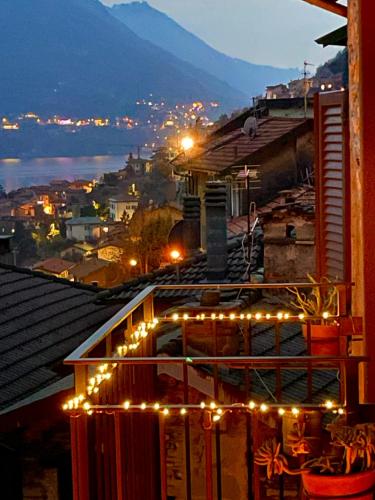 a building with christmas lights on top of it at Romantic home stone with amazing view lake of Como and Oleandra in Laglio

++++++

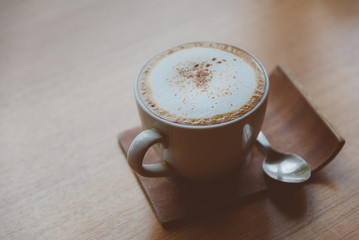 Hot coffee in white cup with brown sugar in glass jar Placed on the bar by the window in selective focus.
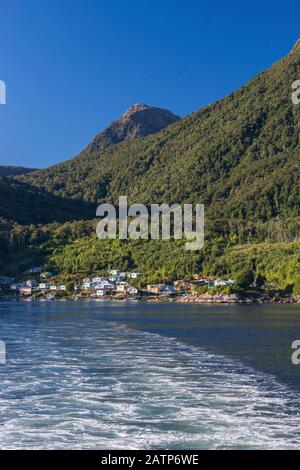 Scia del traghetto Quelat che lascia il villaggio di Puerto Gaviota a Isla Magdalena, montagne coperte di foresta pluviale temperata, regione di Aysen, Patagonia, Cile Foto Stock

++++++

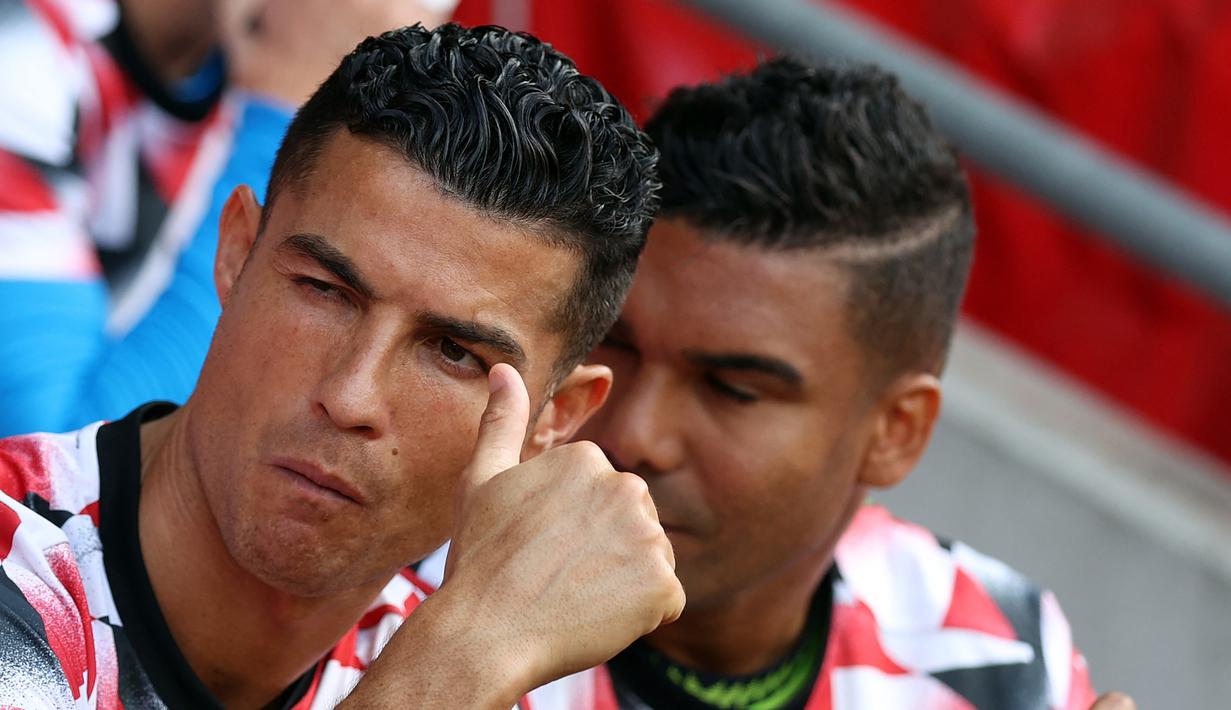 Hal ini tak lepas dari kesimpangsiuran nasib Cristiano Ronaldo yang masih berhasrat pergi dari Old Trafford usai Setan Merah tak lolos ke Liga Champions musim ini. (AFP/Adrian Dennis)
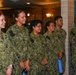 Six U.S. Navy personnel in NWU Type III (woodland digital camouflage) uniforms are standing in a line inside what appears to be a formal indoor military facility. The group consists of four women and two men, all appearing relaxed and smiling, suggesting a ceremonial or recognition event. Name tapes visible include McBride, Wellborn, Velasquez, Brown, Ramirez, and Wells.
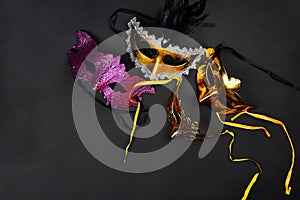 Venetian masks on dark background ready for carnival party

++++++

_REQUIREMENT_
Reproduce the data above exactly, but only from the line containing "Hal ini tak" through the line containing "Venetian masks on". Omit all pictures.

_EXPECTED ANSWER_
 Hal ini tak lepas dari kesimpangsiuran nasib Cristiano Ronaldo yang masih berhasrat pergi dari Old Trafford usai Setan Merah tak lolos ke Liga Champions musim ini. (AFP/Adrian Dennis)
 Six U.S. Navy personnel in NWU Type III (woodland digital camouflage) uniforms are standing in a line inside what appears to be a formal indoor military facility. The group consists of four women and two men, all appearing relaxed and smiling, suggesting a ceremonial or recognition event. Name tapes visible include McBride, Wellborn, Velasquez, Brown, Ramirez, and Wells.
 Venetian masks on dark background ready for carnival party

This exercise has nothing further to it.